You can accuse me of this or that, but you know what I’m totally innocent of, and will remain innocent of for the rest of of my life? Being a mob scold.

I’ve scolded or criticized or vivisected this or that film or actor or you-name-it, but as an individual. I’ve never, ever taken part in a Twitter or comment-thread gang-up or beat-down of someone for having expressed an unpopular or minority view….never.

I’ll debate someone if I disagree with him/her, but once others join me in taking shots and particularly once they get out the pellet rifle and start drilling the victim over and over…I quit. I leave the room. I hate it when those fucking bullies (and you know who I’m talking about) go after someone. Snarling wolf pack, fangs bared, tearing at flesh.

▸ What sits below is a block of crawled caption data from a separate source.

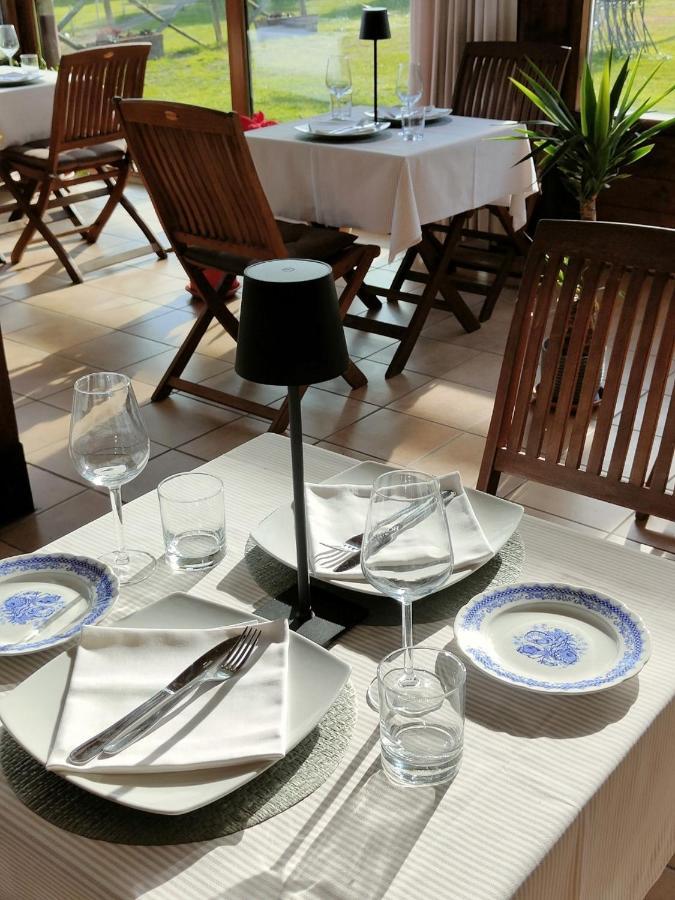 Tenuta Bussete Country Hotel Viterbo Exterior photo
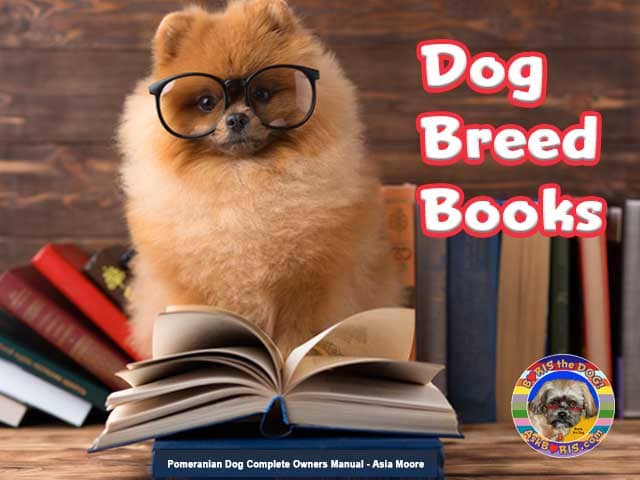 Dog Breed Books at Ask Boris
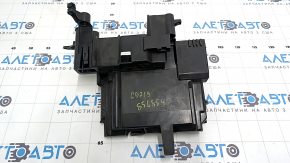 Right engine computer ECU housing for BMW X7 G07 19-22 3.0T, broken mount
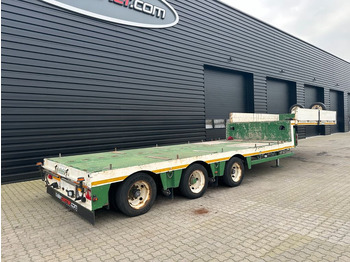Semirremolque góndola rebajadas Nooteboom 3 achs. Nooteboom / 2 x ausziehbar Nooteboom 3 achs. Nooteboom / 2 x ausziehbar: foto 4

From “HE vs. Snooty Morricone Scolds,” posted on 7.7.20: Futile repeating of basics: The late Ennio Morricone was a legendary film-music composer. The common consensus is that he deserves a place in the pantheon, and I’m certainly not arguing with that. But his score for Terrence Malick‘s Days of Heaven (’78) is the only one I truly love, and I just don’t believe that his stuff was otherwise all that elevating or transcendent. Over a half-century-long career he created good, respectable, at times haunting, occasionally hum-worthy music. And that’s as far as I can go.

Alas, yesterday the People’s Central Committee for the Assessment and Approval of Critical Opinion decided that yesterday’s “Subdued Respect” post had to be condemned. What’s that old Carly Simon line? “These are the good old days.”